What is being asked:
Nothing but a verbatim copy of the data, minus the images, should be returned.

Information provided:
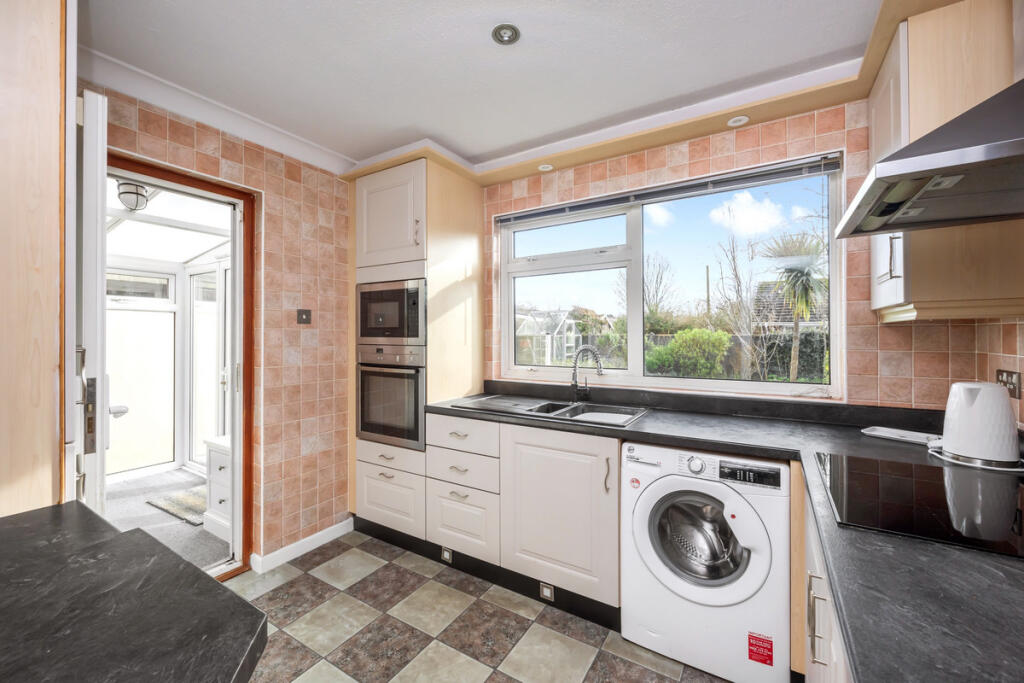 Additional image 5 of Central Avenue, Worthing, BN14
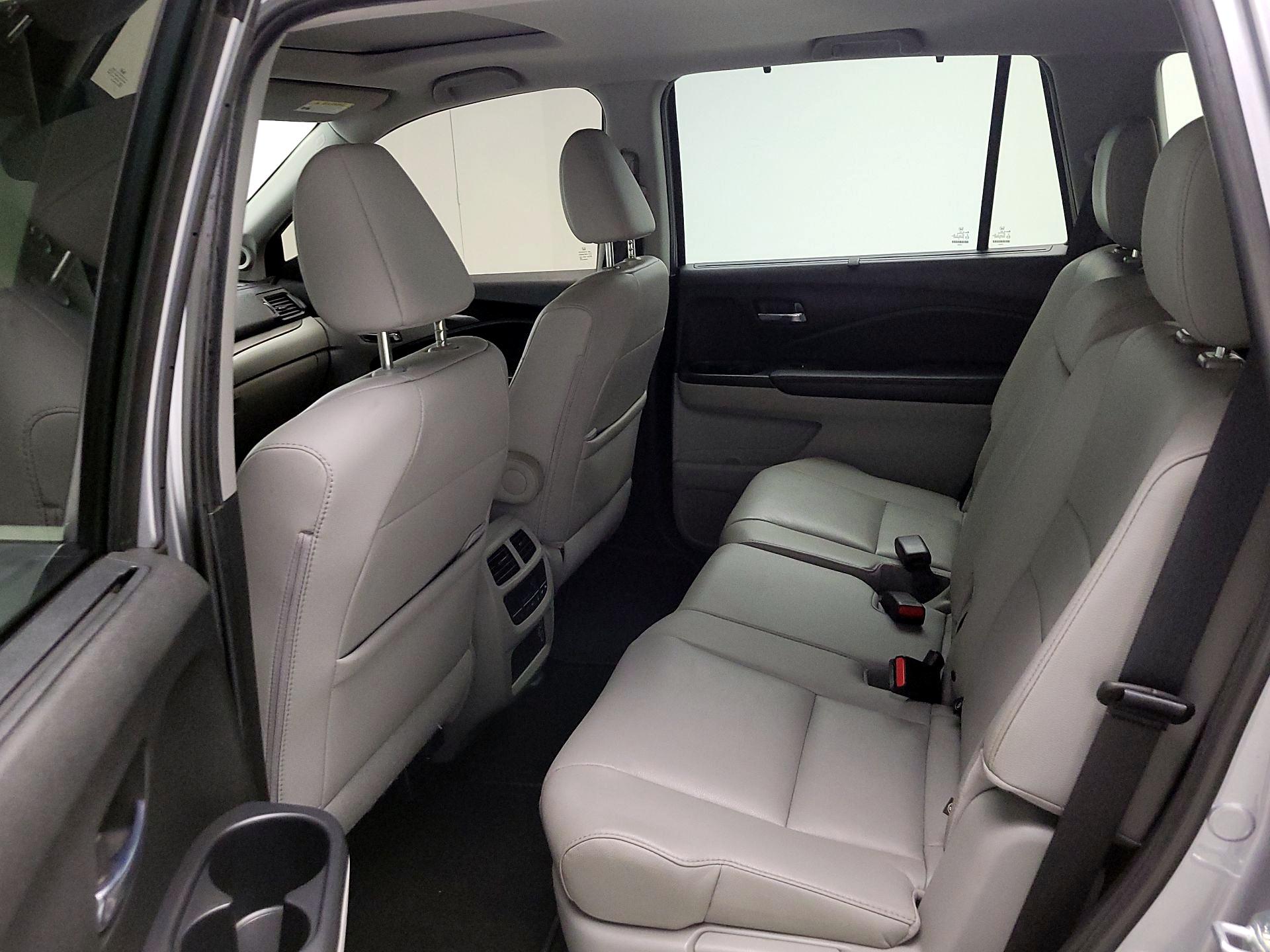 Thumbnail: 2022 Honda Pilot - 17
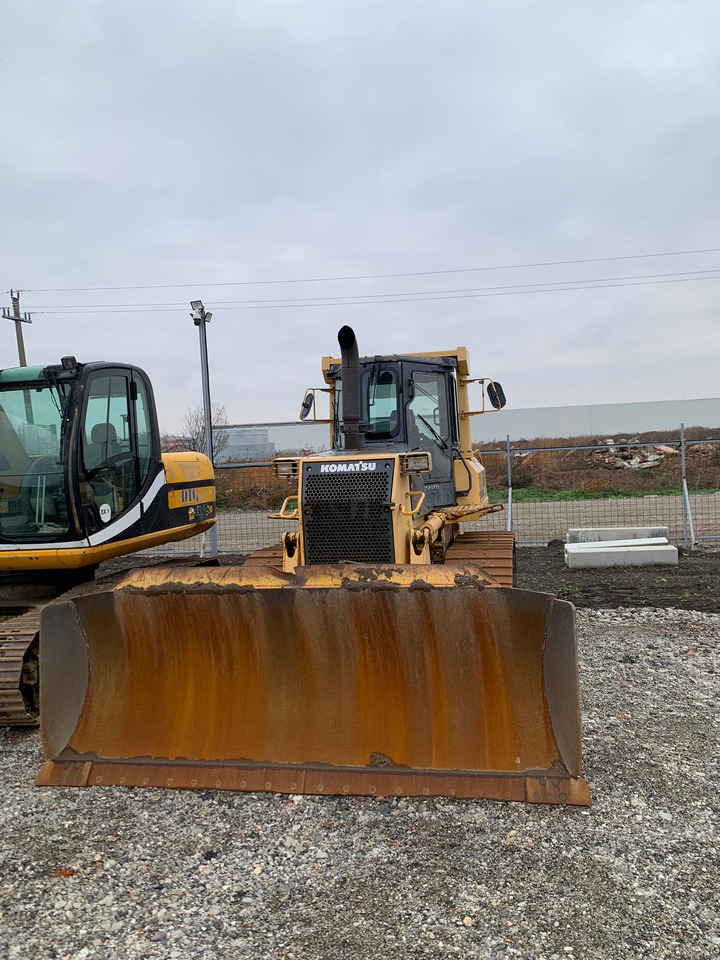 KOMATSU D61EX-15 - Bulldozer: photos 4 KOMATSU D61EX-15 - Bulldozer: photos 4
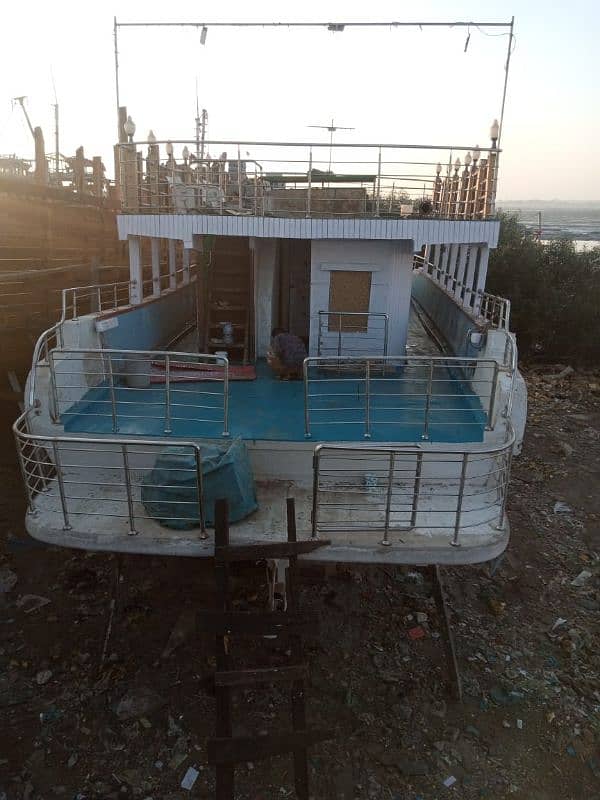 cruise boat for sale 4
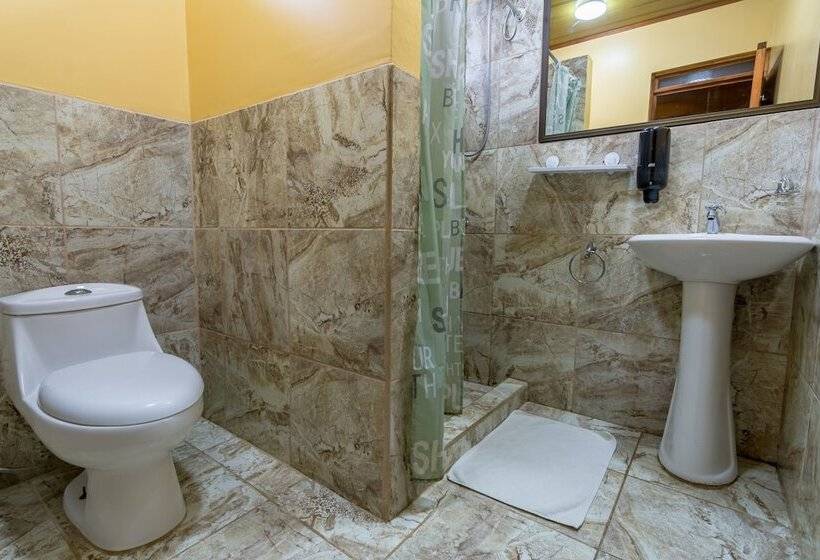 اتاق راحتی سه تخته, Sea Towers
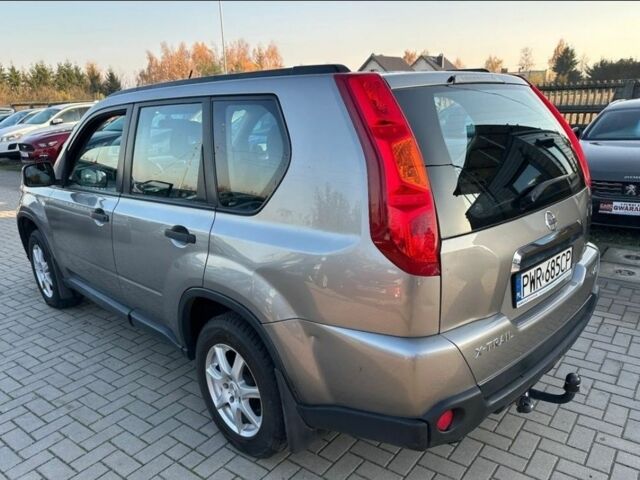 Бежевий Ніссан ІксТрейл, об'ємом двигуна 0 л та пробігом 220 тис. км за 2800 $, фото 3 на Automoto.ua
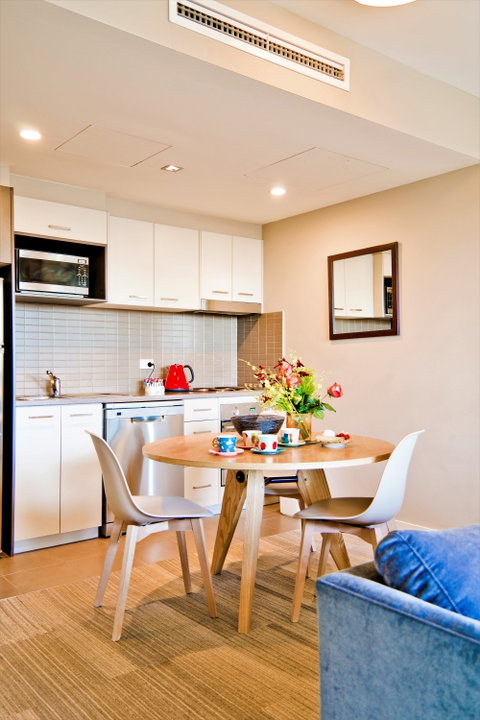 Quest Mascot Apartment - Accommodation Resorts 5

Result for this exercise:
 Additional image 5 of Central Avenue, Worthing, BN14
 Thumbnail: 2022 Honda Pilot - 17
 KOMATSU D61EX-15 - Bulldozer: photos 4 KOMATSU D61EX-15 - Bulldozer: photos 4
 cruise boat for sale 4
 اتاق راحتی سه تخته, Sea Towers
 Бежевий Ніссан ІксТрейл, об'ємом двигуна 0 л та пробігом 220 тис. км за 2800 $, фото 3 на Automoto.ua
 Quest Mascot Apartment - Accommodation Resorts 5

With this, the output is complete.